According to a year-end report from the government’s Cambodian Mine Action Authority (CMAA), 98 mine and UXO explosions caused 157 casualties in 2014. That included 21 people who died and 38 who had limbs amputated.
Years of civil war, U.S. bombing and Khmer Rouge rule have made Cambodia one of the most heavily mine-contaminated countries in the world. Mines and UXO have killed or injured 64,000 Cambodians since the Khmer Rouge fell in 1979, according to CMAA. Though they continue to kill and maim today, annual casualty numbers have fallen steadily and hit their lowest number on record—111—in 2013.
Heng Ratana, director-general of CMAA’s Cambodian Mine Action Center, the government’s demining arm, said it was not easy to pin down specific reasons for the rise in explosions and casualties that had followed.
“It’s quite difficult to find a specific issue…but we take a good note of the increase of landmines related to heavy machinery,” he said.
Mr. Ratana said there had been a spike in the number of farmers triggering old, buried mines as they switched from manual to mechanized tools. The heavier machines, he said, were more likely to set off mines than rakes and hoes or animals.
To combat the trend, he said, the mine action center was urging farmers in high-risk areas to refrain from using heavy machinery and sending out more demining teams to focus specifically on digging up anti-tank mines, which are much more powerful than anti-personnel mines and usually buried deeper in the ground, making them harder to detect.
Mr.

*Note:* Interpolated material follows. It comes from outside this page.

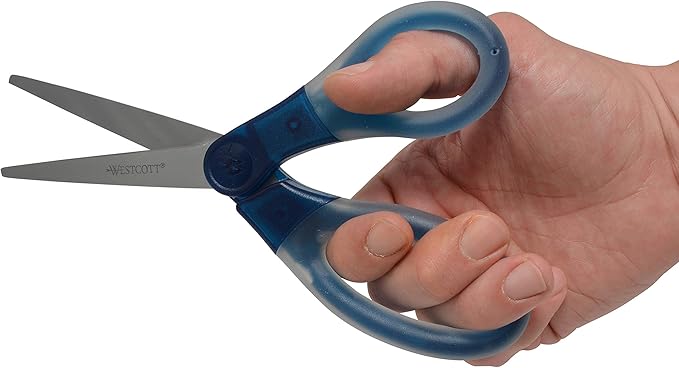 Westcott 8" Gel-Grip Multipurpose Scissors for Office and Home, Blue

Ratana said the center also declared 124 square km of land mine-free in 2014, up from 80 square km in 2013.
Most of the Thai-Cambodian border, however, where mine contamination is heaviest, is still off limits to deminers for political reasons.
In April last year, just days before the Khmer New Year, Ngit Khuch, 48, was working at a hotel construction site on the outskirts of Samraong City, Oddar Meanchey province, not far from the Thai border, when he headed off to a spot the work crew often used to relieve themselves.
The laborers knew the area was mined thanks to repeated warnings from the local soldiers. But there were no signs, and Mr. Khuch believed his footsteps alone would not set off any of the mines.
On the way, however, Mr. Khuch, a husband and a father of two, stepped on a mine and lost both his legs in the explosion. He can no longer work and spends most of his time in bed.
“I never thought it would happen. Now I feel hopeless because I can no longer feed my family,” he said Monday. “The government cannot clear the area because it’s a ‘white area’ [buffer zone], but it should put up some signs.”